● What the task asks: Please find the line that holds "Csökmő programok 2026" below and reproduce it, along with every line after it through the end, exactly and without pictures.

Crawled caption data:
-- Opening Marker --

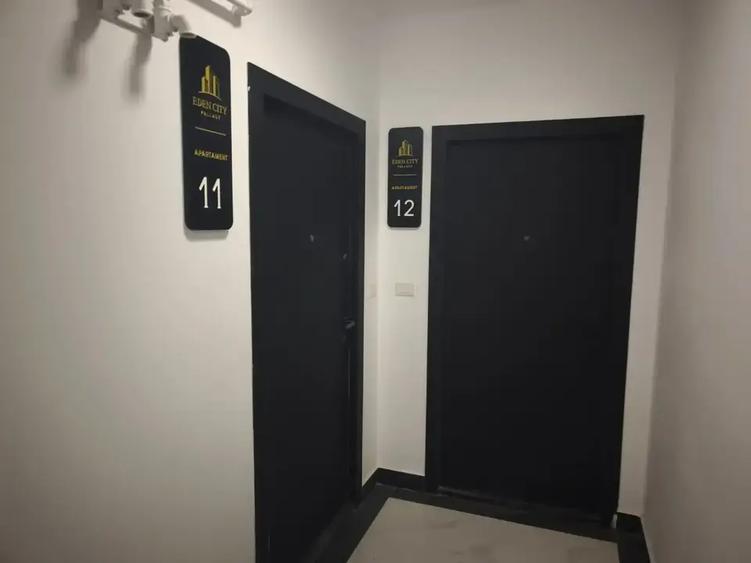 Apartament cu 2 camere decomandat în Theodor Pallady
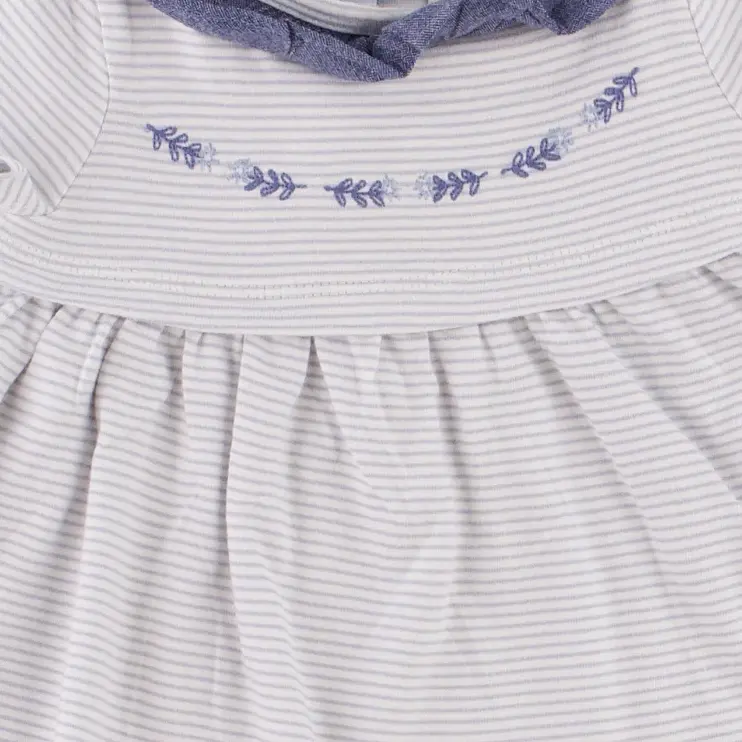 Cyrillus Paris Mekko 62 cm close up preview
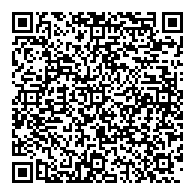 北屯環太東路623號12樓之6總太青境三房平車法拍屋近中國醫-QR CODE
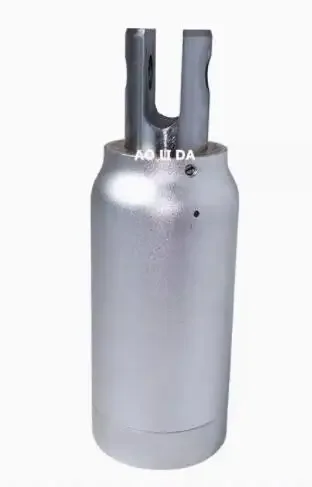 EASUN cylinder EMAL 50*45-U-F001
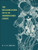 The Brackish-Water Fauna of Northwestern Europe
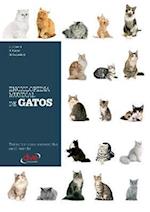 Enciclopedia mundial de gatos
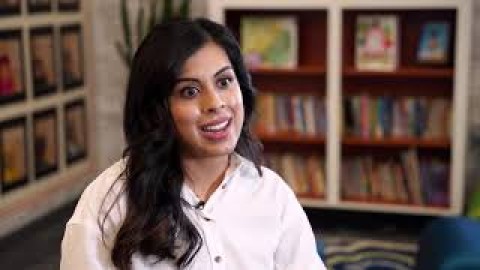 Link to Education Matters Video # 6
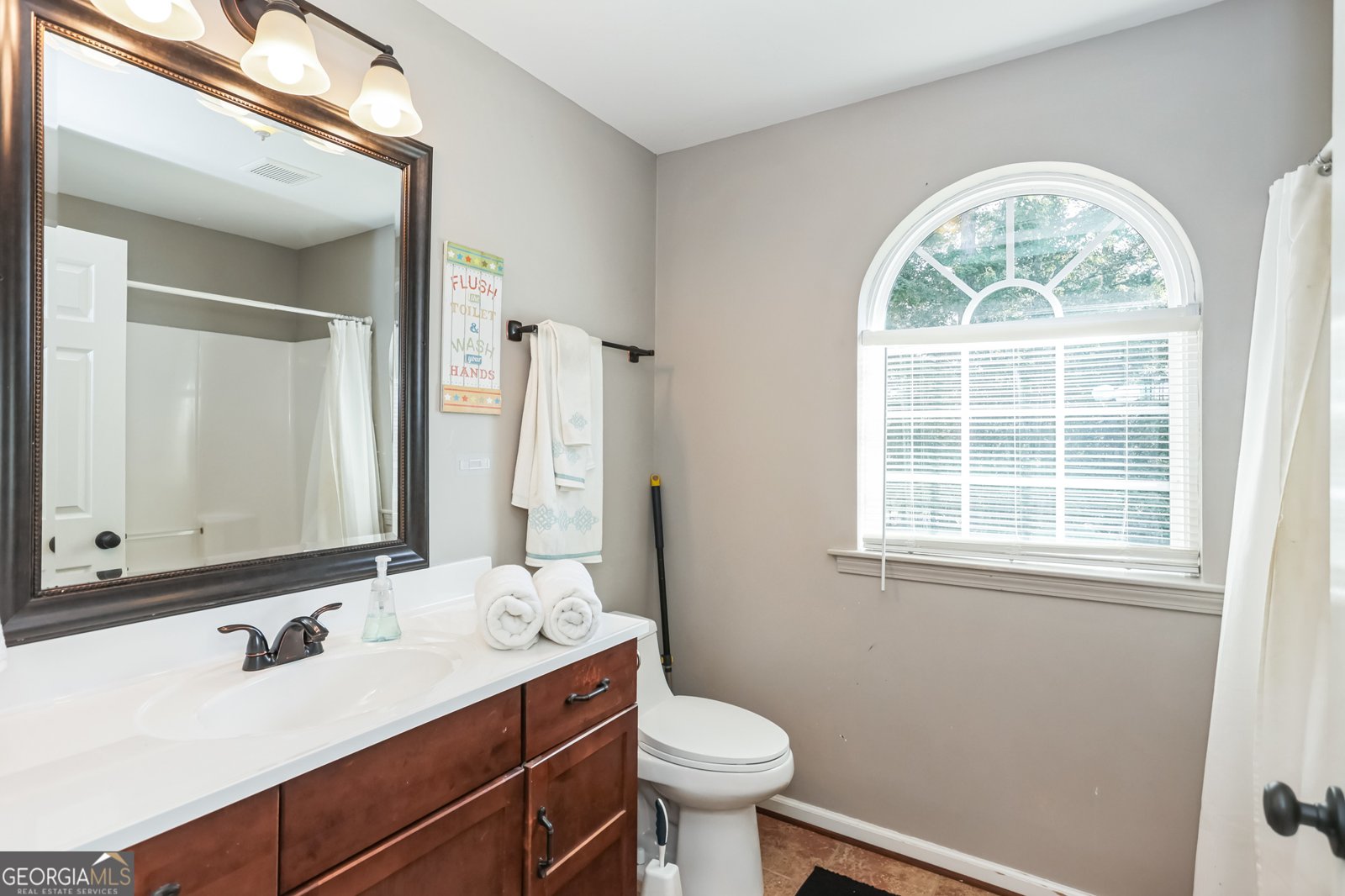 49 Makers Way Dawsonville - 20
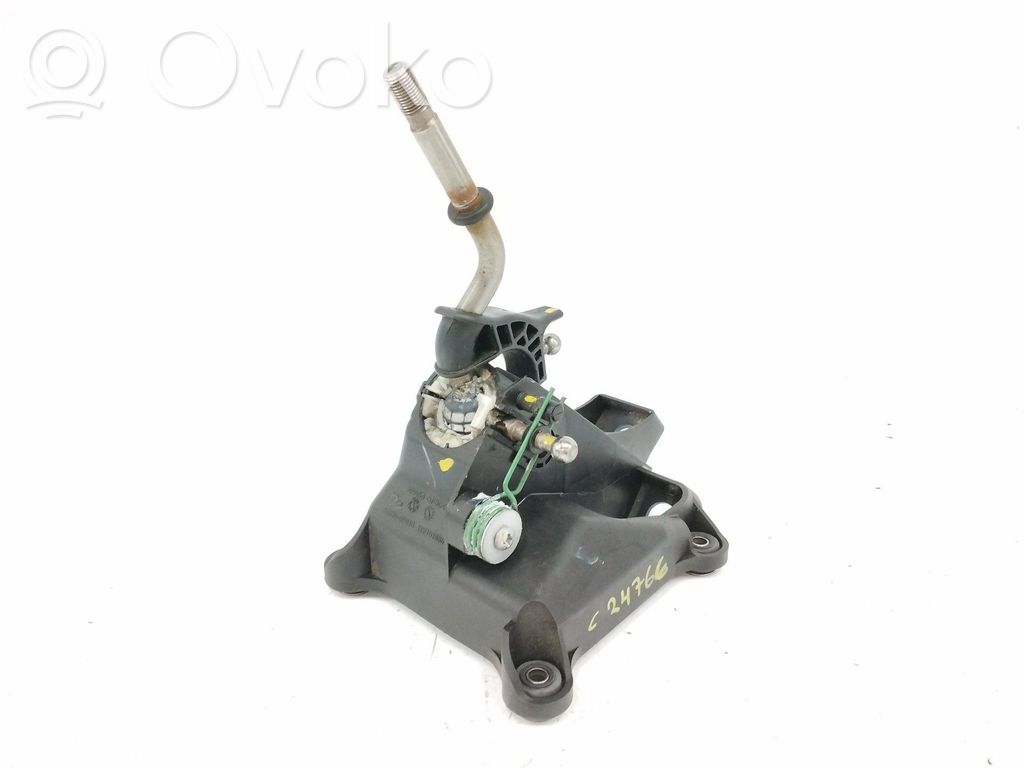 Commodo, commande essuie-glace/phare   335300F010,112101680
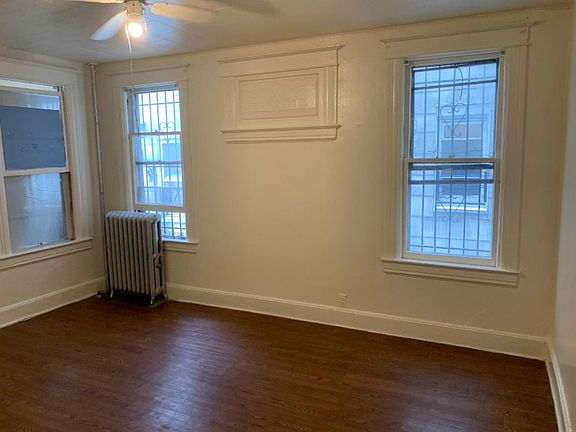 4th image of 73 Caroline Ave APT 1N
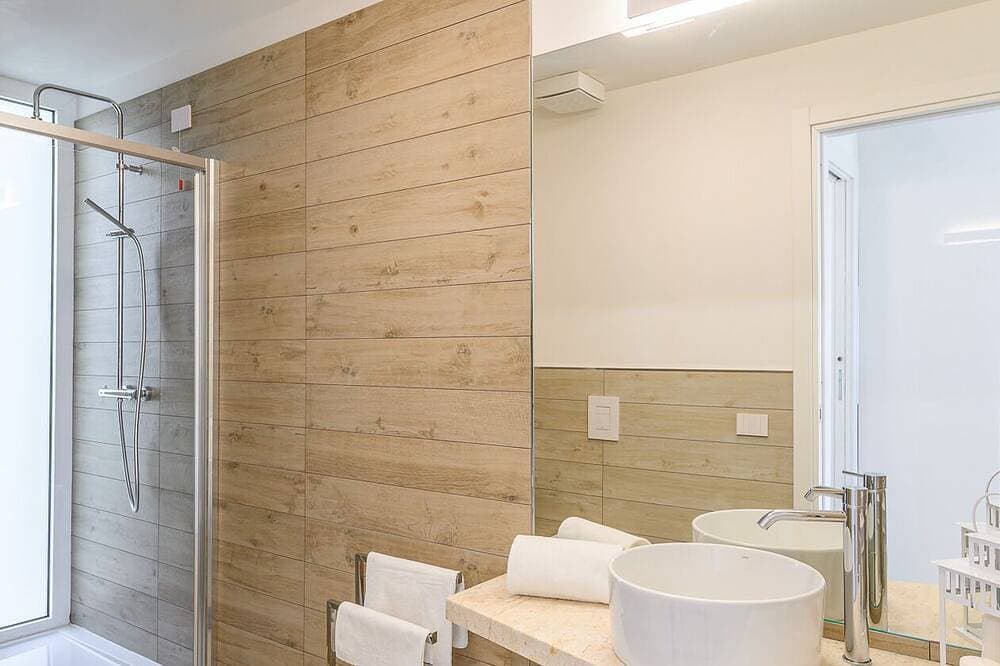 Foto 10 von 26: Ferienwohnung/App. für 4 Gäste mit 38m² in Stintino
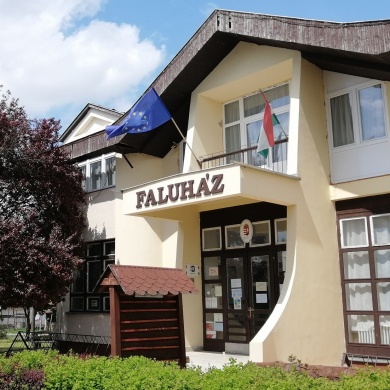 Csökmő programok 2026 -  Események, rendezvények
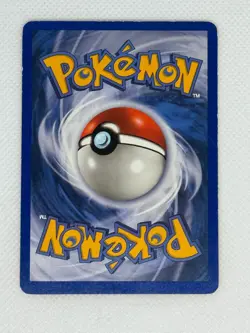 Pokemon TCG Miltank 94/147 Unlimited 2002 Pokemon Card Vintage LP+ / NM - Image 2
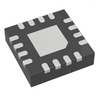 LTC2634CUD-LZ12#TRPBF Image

-- Closing Marker --

● Written answer:
 Csökmő programok 2026 -  Események, rendezvények
 Pokemon TCG Miltank 94/147 Unlimited 2002 Pokemon Card Vintage LP+ / NM - Image 2
 LTC2634CUD-LZ12#TRPBF Image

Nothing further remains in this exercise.